Köyün yakınındaki dere kenarında, yedi yaşındaki Mavi adında meraklı bir kız yaşarmış. Mavi’nin gözleri deniz mavisi, saçları ise güneş sarısıymış. En büyük hayali, ormanın derinliklerine inmek, orada saklı güzellikleri keşfetmekmiş. Ama annesi, “Uzaklara gitme, ormanın gizli köşeleri tehlikeli olabilir,” der, babası da, “Sisli patikalara sakın girme, evin yolunu kaybedebilirsin,” diye tembih edermiş. Yine de Mavi, her sabah erkenden kalkıp ormanın eteklerinde dolaşır, kuşların cıvıltısını dinler, sarmaşıkların arasındaki kelebekleri kovalar, zaman zaman da sincaplarla oynarmış.

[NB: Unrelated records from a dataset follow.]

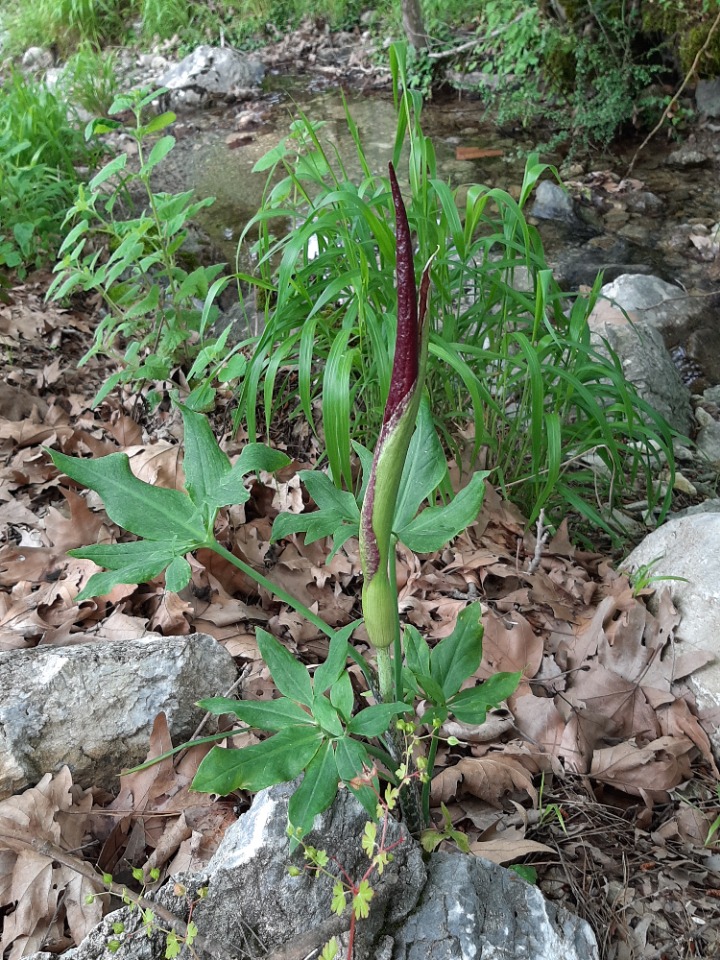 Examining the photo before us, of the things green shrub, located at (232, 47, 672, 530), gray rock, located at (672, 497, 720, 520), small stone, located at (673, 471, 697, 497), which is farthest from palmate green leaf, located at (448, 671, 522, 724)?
small stone, located at (673, 471, 697, 497)

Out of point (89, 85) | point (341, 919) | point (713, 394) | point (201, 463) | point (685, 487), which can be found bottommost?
point (713, 394)

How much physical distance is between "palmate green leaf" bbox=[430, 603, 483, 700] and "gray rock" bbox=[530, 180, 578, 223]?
4.37m

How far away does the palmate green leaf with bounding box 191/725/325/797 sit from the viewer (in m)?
0.94

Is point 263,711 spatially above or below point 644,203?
above

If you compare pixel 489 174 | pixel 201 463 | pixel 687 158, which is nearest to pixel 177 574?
pixel 201 463

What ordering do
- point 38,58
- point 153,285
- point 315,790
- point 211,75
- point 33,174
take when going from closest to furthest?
1. point 315,790
2. point 153,285
3. point 33,174
4. point 211,75
5. point 38,58

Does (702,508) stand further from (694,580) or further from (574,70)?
(574,70)

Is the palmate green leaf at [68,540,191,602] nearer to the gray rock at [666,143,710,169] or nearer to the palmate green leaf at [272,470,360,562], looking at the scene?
the palmate green leaf at [272,470,360,562]

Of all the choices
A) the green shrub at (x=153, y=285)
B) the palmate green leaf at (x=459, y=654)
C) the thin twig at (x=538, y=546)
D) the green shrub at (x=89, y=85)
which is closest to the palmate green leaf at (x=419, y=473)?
the palmate green leaf at (x=459, y=654)

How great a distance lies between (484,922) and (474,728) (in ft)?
1.74

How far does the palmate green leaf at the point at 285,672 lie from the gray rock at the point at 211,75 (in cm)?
780

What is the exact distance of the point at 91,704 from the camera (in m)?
1.45

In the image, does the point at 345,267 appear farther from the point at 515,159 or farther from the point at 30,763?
the point at 515,159

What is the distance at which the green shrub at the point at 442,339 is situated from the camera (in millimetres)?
2006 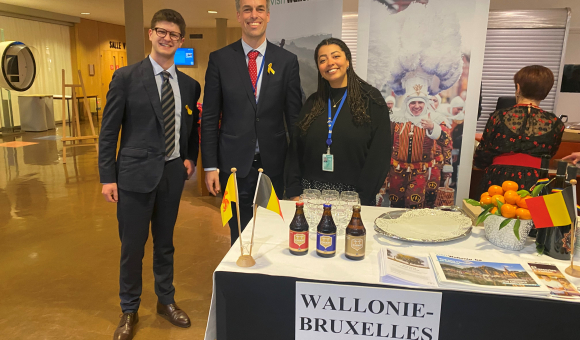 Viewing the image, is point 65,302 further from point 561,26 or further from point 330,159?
point 561,26

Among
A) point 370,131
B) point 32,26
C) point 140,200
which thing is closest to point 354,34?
point 370,131

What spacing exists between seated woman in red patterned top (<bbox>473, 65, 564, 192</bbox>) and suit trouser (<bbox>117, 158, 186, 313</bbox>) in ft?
6.36

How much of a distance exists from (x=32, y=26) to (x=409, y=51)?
479 inches

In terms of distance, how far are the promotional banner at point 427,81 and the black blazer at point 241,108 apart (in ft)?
2.88

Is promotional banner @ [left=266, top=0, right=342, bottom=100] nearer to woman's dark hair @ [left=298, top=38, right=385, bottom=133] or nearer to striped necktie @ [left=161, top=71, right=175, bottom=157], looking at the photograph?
woman's dark hair @ [left=298, top=38, right=385, bottom=133]

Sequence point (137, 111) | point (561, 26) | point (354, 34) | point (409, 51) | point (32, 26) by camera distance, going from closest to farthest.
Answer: point (137, 111)
point (409, 51)
point (354, 34)
point (561, 26)
point (32, 26)

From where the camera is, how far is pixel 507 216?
4.98 feet

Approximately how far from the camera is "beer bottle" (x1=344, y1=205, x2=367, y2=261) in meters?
1.41

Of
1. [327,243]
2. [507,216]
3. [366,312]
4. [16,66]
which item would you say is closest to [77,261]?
[327,243]

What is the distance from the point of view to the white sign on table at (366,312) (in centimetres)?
127

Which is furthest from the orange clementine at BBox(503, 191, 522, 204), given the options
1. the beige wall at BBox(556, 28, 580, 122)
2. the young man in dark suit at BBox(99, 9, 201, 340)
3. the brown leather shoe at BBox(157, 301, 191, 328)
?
the beige wall at BBox(556, 28, 580, 122)

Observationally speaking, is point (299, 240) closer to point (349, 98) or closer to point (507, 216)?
point (507, 216)

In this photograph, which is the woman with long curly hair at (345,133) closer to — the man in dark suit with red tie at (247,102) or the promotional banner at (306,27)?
the man in dark suit with red tie at (247,102)

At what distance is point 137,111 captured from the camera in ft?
6.59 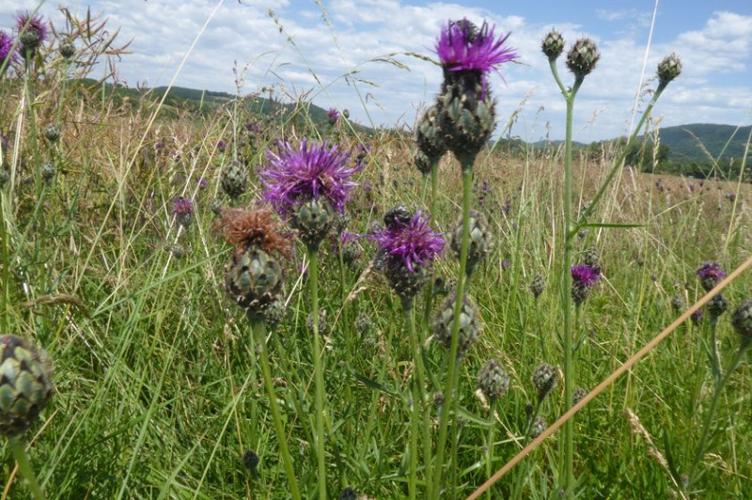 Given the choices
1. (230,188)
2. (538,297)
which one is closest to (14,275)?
(230,188)

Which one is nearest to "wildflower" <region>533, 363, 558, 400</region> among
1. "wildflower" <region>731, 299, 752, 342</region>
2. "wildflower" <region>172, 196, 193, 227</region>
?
"wildflower" <region>731, 299, 752, 342</region>

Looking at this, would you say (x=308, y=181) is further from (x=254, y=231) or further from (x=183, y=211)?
(x=183, y=211)

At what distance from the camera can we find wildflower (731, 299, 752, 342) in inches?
84.6

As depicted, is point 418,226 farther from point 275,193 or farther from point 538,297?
point 538,297

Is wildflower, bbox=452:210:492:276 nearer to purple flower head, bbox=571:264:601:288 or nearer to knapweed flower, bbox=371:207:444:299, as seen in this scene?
knapweed flower, bbox=371:207:444:299

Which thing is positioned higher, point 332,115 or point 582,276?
point 332,115

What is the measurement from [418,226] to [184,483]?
4.34 ft

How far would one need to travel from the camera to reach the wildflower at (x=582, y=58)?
2.46m

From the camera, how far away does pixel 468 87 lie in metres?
1.51

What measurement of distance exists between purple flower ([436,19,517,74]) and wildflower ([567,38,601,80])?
1138 mm

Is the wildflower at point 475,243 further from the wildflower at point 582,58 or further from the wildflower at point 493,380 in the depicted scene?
the wildflower at point 582,58

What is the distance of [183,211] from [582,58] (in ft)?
7.34

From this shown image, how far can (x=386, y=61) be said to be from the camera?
8.92 ft

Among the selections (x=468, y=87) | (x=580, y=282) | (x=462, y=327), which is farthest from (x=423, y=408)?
(x=580, y=282) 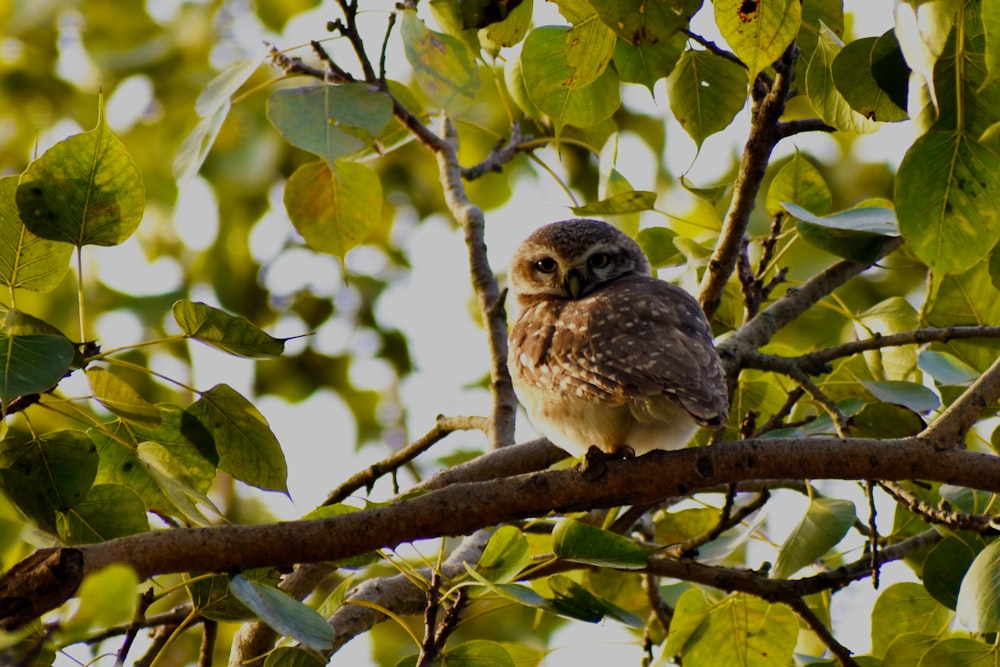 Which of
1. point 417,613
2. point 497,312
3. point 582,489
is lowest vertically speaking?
point 417,613

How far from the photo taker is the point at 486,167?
4.21 metres

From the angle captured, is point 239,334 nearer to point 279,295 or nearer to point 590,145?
point 590,145

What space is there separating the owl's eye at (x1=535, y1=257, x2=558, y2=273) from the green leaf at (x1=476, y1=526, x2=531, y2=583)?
2.31 metres

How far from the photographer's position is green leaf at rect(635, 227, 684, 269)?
3588mm

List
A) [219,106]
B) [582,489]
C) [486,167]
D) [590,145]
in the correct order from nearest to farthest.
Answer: [582,489]
[219,106]
[590,145]
[486,167]

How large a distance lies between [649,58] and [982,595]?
58.1 inches

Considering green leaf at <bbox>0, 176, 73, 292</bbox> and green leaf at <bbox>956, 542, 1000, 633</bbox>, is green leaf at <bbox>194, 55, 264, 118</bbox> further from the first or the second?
green leaf at <bbox>956, 542, 1000, 633</bbox>

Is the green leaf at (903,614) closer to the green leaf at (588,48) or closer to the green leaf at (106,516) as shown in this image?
the green leaf at (588,48)

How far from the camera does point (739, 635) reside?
2994 millimetres

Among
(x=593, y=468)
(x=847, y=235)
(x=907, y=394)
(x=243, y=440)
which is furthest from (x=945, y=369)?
(x=243, y=440)

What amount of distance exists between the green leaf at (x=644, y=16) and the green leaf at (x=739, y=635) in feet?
4.77

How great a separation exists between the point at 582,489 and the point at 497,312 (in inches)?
62.4

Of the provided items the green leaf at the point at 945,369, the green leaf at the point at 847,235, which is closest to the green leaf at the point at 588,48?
the green leaf at the point at 847,235

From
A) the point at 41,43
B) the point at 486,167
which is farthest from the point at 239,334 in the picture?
the point at 41,43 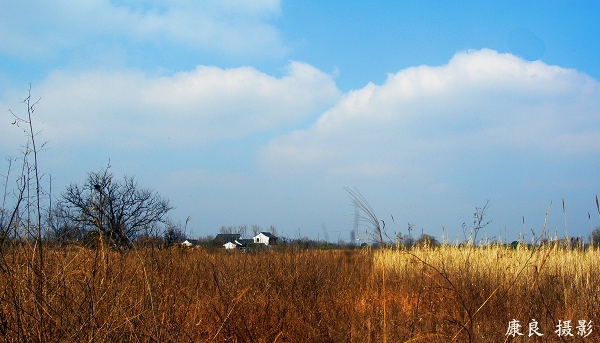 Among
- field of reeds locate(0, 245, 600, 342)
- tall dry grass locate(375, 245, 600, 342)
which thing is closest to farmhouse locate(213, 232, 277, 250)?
field of reeds locate(0, 245, 600, 342)

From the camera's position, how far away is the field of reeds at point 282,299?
3.18m

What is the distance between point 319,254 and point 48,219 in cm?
652

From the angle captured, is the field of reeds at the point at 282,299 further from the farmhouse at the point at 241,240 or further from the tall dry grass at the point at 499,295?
the farmhouse at the point at 241,240

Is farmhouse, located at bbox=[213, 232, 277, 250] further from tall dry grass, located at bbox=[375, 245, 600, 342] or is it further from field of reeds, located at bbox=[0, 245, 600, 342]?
tall dry grass, located at bbox=[375, 245, 600, 342]

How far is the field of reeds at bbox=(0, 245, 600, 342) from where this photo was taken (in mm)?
3180

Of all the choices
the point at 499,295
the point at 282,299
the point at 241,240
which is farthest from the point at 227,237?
the point at 499,295

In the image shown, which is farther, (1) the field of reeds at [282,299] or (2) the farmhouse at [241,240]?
(2) the farmhouse at [241,240]

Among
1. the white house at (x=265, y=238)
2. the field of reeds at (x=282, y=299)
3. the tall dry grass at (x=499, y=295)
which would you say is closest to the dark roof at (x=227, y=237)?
the white house at (x=265, y=238)

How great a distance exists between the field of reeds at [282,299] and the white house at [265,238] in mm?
573

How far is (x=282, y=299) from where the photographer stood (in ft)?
19.9

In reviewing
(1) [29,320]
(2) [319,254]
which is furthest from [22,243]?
(2) [319,254]

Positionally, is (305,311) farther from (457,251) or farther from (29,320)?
(457,251)

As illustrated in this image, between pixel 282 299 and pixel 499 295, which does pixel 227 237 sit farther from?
pixel 499 295

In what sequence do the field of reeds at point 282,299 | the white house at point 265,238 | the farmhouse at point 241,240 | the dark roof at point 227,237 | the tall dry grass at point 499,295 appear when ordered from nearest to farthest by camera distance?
Result: the field of reeds at point 282,299 < the tall dry grass at point 499,295 < the white house at point 265,238 < the farmhouse at point 241,240 < the dark roof at point 227,237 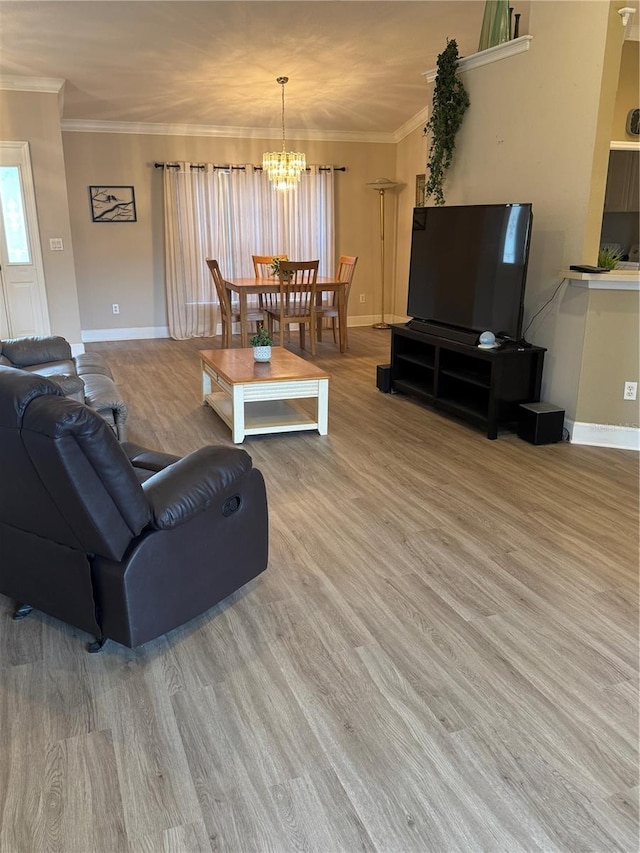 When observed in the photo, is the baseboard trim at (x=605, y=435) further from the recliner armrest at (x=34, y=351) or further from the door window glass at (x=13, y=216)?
the door window glass at (x=13, y=216)

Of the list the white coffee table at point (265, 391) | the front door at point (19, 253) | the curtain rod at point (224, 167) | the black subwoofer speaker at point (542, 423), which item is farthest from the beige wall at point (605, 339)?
the front door at point (19, 253)

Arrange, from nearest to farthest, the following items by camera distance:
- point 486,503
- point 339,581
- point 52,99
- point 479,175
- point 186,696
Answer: point 186,696
point 339,581
point 486,503
point 479,175
point 52,99

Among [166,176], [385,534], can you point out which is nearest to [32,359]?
[385,534]

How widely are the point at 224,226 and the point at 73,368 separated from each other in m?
4.48

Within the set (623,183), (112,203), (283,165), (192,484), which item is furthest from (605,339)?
(112,203)

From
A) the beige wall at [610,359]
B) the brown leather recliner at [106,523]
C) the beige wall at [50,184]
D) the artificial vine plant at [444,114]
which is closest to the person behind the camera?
the brown leather recliner at [106,523]

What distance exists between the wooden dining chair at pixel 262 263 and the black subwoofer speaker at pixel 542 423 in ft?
13.6

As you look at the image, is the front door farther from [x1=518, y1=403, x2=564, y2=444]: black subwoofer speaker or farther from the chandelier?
[x1=518, y1=403, x2=564, y2=444]: black subwoofer speaker

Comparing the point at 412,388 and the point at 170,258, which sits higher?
the point at 170,258

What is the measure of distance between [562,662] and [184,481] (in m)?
1.39

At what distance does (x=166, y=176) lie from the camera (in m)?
7.88

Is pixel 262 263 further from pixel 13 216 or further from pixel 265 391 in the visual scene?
pixel 265 391

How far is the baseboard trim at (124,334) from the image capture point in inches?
320

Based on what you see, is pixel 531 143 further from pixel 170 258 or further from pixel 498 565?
pixel 170 258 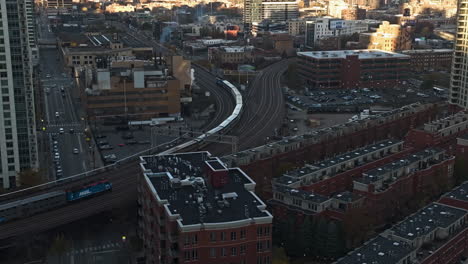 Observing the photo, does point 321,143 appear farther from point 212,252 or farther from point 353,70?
point 353,70

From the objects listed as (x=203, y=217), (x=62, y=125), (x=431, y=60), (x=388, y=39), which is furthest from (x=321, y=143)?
(x=388, y=39)

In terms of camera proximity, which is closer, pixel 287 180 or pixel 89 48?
pixel 287 180

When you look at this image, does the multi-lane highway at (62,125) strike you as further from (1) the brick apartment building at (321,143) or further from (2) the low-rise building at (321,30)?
(2) the low-rise building at (321,30)

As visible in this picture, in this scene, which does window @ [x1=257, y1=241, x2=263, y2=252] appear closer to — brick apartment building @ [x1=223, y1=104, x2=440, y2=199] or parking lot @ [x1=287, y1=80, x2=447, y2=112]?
brick apartment building @ [x1=223, y1=104, x2=440, y2=199]

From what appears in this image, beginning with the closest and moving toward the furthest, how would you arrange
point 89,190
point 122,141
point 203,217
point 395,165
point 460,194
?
point 203,217 < point 460,194 < point 89,190 < point 395,165 < point 122,141

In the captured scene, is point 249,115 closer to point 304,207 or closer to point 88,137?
point 88,137

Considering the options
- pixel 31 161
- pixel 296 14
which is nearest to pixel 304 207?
pixel 31 161

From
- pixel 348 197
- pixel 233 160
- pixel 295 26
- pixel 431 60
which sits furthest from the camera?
pixel 295 26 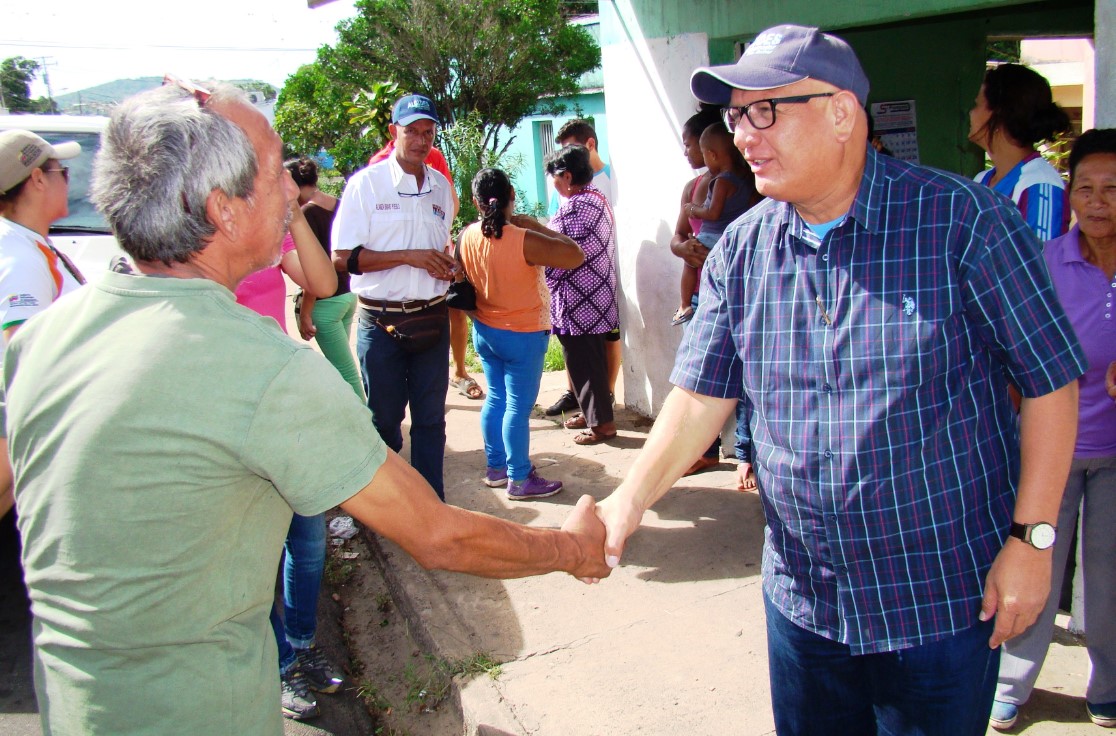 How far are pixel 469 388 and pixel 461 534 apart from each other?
18.5ft

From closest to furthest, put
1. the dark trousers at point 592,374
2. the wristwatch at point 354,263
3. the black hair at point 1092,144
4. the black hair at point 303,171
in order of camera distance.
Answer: the black hair at point 1092,144, the wristwatch at point 354,263, the black hair at point 303,171, the dark trousers at point 592,374

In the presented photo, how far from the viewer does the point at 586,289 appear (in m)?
5.89

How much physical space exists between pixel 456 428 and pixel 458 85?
16439 mm

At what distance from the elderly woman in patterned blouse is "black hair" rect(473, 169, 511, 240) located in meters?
1.05

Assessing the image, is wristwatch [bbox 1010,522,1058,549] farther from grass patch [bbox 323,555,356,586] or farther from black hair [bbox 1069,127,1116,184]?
grass patch [bbox 323,555,356,586]

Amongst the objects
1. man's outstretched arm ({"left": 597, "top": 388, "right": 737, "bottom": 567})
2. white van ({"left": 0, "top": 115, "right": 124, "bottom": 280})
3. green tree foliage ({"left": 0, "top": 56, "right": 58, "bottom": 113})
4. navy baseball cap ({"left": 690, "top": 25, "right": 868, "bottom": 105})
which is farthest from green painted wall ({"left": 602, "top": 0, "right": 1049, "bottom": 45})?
green tree foliage ({"left": 0, "top": 56, "right": 58, "bottom": 113})

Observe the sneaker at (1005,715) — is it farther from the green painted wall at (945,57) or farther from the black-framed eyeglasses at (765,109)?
the green painted wall at (945,57)

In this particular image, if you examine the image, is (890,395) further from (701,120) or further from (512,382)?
(701,120)

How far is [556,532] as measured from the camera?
2.28 meters

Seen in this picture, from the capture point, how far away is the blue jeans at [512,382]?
4.96 meters

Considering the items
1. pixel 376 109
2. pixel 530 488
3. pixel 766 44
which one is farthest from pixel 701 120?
pixel 376 109

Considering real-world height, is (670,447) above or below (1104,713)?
above

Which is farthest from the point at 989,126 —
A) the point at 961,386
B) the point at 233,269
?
the point at 233,269

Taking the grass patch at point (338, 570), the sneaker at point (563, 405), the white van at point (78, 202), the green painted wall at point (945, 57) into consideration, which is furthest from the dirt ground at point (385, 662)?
the green painted wall at point (945, 57) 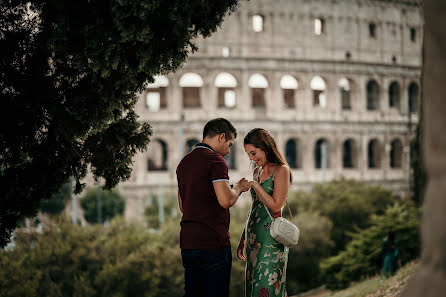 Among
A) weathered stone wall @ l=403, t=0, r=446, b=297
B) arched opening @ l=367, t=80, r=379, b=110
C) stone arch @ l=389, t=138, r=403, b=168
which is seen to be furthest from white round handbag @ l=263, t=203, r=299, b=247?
stone arch @ l=389, t=138, r=403, b=168

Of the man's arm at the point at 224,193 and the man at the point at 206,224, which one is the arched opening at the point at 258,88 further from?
the man's arm at the point at 224,193

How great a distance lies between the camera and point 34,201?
7453 millimetres

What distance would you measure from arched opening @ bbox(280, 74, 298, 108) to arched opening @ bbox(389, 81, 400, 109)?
746cm

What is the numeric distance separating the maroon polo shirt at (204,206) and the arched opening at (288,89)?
118ft

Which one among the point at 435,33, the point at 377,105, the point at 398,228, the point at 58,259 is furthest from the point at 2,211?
the point at 377,105

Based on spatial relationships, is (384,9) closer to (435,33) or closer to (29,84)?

Bir sabah, güneş yeni doğarken Mavi, evin arka bahçesindeki çiçekleri sularken, uzaklardan hafif bir zilden gelen yankı işitmiş. Bu zil sesi, ne kuşların ötüşüne ne de rüzgârın hışırtısına benziyormuş. Merakına yenik düşen Mavi, annesine “Anne, uzaktan zil sesi duydum, acaba ne olabilir?” demiş. Annesi gülümseyerek, “Belki ormanda bir sürpriz vardır, ama dikkatli ol. Dönüşünü haber ver,” diye yanıtlamış. Mavi, sırt çantasına bir elma, bir şişe su ve küçük bir battaniye koymuş, yanında ise annesinin ördüğü kırmızı atkıyı takmış. Böylece ormana doğru yola çıkmış.

Ağaçların arasından süzülen güneş ışıkları yere küçük yıldızlar gibi düşerken Mavi, ilk defa sisli patikalara yaklaşmış. Yol kenarındaki mantarlar, yosun kaplı taşlar, gölgeler bir masal diyarındaymış gibi görünüyormuş. Zil sesi, adeta onun yol göstermesi için çalıların arasında tıngırdayıp duruyormuş. Mavi, “Bu ses beni bir yere götürüyor,” diyerek usulca ilerlemiş. Derken, sis bulutlarının arasından parlayan bembeyaz bir siluet fark etmiş. Kalbi heyecandan çarparken, “Acaba bu, efsanelerdeki Beyaz Geyik mi?” diye fısıldamış kendi kendine.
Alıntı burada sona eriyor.